Un affare che dimostra, ancora una volta, come le eccellenze italiane siano sempre più vittime di un incredibile lassismo da parte delle istituzioni governative e, di conseguenza, alla mercé di veri e propri ricatti economici da parte di attori stranieri.
In questo caso l’origine della trattativa con i sauditi sarebbe da far risalire al sovraintendente del Teatro alla Scala, Alex Pereira, che con troppa autonomia sembra aver cercato quest’aiuto finanziario dal Golfo. In sostanza il sovrintendente avrebbe trovato un accordo con funzionari del governo saudita per una cifra intorno ai 3 milioni di euro. Il capitale investito avrebbe permesso alla monarchia di Riyad di entrare nel cda della Scala. In cambio i sauditi hanno promesso la realizzazione di una scuola musicale per bambini all’interno del loro Paese, nonché la promozione della musica classica italiana.

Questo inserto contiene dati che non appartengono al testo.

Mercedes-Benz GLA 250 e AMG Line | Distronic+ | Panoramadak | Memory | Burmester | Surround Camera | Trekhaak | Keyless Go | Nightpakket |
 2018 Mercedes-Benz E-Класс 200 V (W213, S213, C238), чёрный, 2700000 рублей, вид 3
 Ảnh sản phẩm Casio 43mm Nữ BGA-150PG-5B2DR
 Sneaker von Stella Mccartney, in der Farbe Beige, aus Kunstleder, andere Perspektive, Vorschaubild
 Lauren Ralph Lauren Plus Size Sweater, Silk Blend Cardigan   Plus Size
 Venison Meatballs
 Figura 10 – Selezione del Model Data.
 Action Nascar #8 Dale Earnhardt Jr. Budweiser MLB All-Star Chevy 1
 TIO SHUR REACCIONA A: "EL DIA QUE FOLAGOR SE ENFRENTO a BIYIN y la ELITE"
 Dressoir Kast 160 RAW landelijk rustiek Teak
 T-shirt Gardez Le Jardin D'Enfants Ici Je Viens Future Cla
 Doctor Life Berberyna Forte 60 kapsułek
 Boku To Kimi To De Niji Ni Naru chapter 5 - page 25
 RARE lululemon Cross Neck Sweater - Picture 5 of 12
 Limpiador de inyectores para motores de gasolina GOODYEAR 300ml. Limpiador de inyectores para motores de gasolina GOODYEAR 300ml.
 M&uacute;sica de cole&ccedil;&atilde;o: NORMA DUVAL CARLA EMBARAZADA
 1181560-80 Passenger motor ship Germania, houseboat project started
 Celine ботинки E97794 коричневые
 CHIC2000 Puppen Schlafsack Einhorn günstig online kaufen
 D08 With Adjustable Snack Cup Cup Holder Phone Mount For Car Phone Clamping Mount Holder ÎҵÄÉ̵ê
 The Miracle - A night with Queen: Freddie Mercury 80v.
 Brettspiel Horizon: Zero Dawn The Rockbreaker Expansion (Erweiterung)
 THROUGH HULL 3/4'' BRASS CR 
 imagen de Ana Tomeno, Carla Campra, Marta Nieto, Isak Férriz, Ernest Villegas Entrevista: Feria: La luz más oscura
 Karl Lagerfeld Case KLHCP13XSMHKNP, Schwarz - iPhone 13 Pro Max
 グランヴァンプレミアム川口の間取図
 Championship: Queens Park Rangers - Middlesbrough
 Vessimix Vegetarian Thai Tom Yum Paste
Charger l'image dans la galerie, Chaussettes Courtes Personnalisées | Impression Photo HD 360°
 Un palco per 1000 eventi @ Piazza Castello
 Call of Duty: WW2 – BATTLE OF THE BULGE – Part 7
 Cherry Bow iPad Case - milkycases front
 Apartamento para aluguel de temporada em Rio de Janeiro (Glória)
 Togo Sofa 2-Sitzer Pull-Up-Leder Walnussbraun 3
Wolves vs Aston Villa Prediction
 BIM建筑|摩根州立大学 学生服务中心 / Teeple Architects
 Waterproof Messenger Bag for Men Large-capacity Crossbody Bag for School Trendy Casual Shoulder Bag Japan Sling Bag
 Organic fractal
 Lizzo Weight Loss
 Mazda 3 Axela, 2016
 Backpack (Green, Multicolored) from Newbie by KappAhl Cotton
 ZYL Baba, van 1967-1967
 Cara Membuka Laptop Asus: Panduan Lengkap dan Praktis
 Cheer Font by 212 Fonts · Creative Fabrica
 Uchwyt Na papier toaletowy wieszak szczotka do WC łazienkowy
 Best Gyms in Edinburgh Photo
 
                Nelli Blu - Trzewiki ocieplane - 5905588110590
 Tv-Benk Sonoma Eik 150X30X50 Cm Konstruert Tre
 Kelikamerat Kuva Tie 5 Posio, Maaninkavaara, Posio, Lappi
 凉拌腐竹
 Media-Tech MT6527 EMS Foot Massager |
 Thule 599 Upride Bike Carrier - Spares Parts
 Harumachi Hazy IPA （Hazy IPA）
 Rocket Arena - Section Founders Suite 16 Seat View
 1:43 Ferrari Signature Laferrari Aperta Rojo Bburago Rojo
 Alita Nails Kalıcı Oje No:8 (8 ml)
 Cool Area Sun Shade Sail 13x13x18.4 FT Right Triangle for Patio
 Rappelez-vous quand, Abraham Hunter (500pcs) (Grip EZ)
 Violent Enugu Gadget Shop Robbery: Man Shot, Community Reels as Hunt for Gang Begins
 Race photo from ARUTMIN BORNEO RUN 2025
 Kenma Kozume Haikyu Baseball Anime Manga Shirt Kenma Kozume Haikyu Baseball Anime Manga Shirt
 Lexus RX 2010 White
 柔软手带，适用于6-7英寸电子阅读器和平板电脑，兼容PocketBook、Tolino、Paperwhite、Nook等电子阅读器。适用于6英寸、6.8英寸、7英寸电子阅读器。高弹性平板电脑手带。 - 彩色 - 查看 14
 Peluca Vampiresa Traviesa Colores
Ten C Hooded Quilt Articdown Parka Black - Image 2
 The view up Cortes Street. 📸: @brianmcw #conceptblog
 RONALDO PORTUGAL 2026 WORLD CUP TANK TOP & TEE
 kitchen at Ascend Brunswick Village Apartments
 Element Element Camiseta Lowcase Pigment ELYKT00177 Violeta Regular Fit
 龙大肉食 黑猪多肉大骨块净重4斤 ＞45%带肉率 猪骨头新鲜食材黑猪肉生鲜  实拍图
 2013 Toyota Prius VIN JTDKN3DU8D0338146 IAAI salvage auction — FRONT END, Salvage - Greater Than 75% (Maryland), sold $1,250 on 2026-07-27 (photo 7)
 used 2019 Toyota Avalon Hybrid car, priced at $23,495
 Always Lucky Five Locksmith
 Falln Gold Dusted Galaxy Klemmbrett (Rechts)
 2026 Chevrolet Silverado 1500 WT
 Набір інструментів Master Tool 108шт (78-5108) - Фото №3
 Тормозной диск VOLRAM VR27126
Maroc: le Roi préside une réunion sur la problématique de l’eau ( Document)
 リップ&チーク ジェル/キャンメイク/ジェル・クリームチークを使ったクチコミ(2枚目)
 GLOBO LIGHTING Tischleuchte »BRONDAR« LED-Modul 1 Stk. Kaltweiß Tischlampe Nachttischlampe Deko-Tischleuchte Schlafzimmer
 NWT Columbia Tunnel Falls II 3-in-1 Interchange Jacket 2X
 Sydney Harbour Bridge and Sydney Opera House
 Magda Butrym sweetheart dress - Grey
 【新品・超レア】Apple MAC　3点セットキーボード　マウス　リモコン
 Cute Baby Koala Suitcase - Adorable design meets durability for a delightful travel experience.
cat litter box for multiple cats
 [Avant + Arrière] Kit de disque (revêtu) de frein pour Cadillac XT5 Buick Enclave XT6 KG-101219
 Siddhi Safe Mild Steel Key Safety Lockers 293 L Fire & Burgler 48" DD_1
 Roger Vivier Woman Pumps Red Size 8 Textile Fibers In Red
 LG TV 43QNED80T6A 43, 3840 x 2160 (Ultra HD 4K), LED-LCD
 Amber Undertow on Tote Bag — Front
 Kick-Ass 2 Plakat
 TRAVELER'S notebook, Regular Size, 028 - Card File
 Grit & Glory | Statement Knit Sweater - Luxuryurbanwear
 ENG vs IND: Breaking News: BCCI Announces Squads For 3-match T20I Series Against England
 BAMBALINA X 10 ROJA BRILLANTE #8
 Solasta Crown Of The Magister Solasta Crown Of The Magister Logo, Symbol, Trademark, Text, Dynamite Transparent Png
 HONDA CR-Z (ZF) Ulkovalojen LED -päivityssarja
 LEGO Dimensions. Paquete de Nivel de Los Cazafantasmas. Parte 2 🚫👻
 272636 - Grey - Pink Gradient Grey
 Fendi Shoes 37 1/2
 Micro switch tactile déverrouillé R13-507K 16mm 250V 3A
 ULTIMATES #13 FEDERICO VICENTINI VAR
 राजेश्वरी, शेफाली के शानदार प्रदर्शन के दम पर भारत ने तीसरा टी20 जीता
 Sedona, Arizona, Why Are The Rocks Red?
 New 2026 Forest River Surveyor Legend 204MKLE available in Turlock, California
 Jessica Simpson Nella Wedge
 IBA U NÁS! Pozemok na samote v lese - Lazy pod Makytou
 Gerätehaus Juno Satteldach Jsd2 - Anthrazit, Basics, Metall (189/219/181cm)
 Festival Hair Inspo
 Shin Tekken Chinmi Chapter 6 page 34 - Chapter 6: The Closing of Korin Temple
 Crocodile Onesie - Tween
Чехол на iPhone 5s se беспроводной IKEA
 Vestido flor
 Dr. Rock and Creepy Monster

La notizia dell’imminenza dell’accordo ha dato il via alla solita patetica danza di scarica barili tra i vari soggetti coinvolti. Pereira sostiene di aver avuto il benestare leghista, anche nella stessa figura di Matteo Salvini. Dal Carroccio hanno negato qualsiasi coinvolgimento, criticando invece l’iniziativa del sovrintendente e l’ambigua posizione del sindaco di Milano Giuseppe Sala.
Alla fine il versamento saudita è arrivato, ma i soldi verranno restituiti, facendo tramontare l’ipotesi di un ingresso saudita nel cda del Teatro milanese. Evidentemente anche chi bramava un sostegno economico della petrolmonarchia si è accorto di averla fatta decisamente fuori dal vaso. Come si poteva infatti pensare di legare indissolubilmente il nome di una delle più alte espressioni della cultura italiana al regime saudita? Come far collimare il luogo fulcro della musica classica italiana con un Paese reo non già solo del macabro omicidio di un attivista all’interno del consolato di Istanbul, ma principale responsabile della peggiore crisi umanitaria del secolo (Yemen)?
Se la cultura è da intendersi anche come massima espressione di libertà allora una simile collaborazione avrebbe comportato non pochi imbarazzi. La vicenda saudita non scriverà purtroppo però la parola fine al capitolo di questa storia. Realtà come il Teatro alla Scala per sopravvivere necessitano di nuovi capitali che, in assenza di uno Stato in grado di garantirli, si ritrovano costrette a rivolgersi all’estero. In questo caso le soluzione sono due. Turarsi il naso e accettare la presenza di realtà non eticamente e umanamente affidabili (i sauditi oggi, cinesi e fondi speculativi domani), oppure riconsegnare allo Stato questi gioielli di famiglia, in modo che ne possa garantire una dignitosa sopravvivenza.
In questo caso abbiamo scampato (l’improbabile?) pericolo del muezzin che canta alla prima della Scala, ma per quanto ancora si potrà resistere alle sirene dei petroldollari?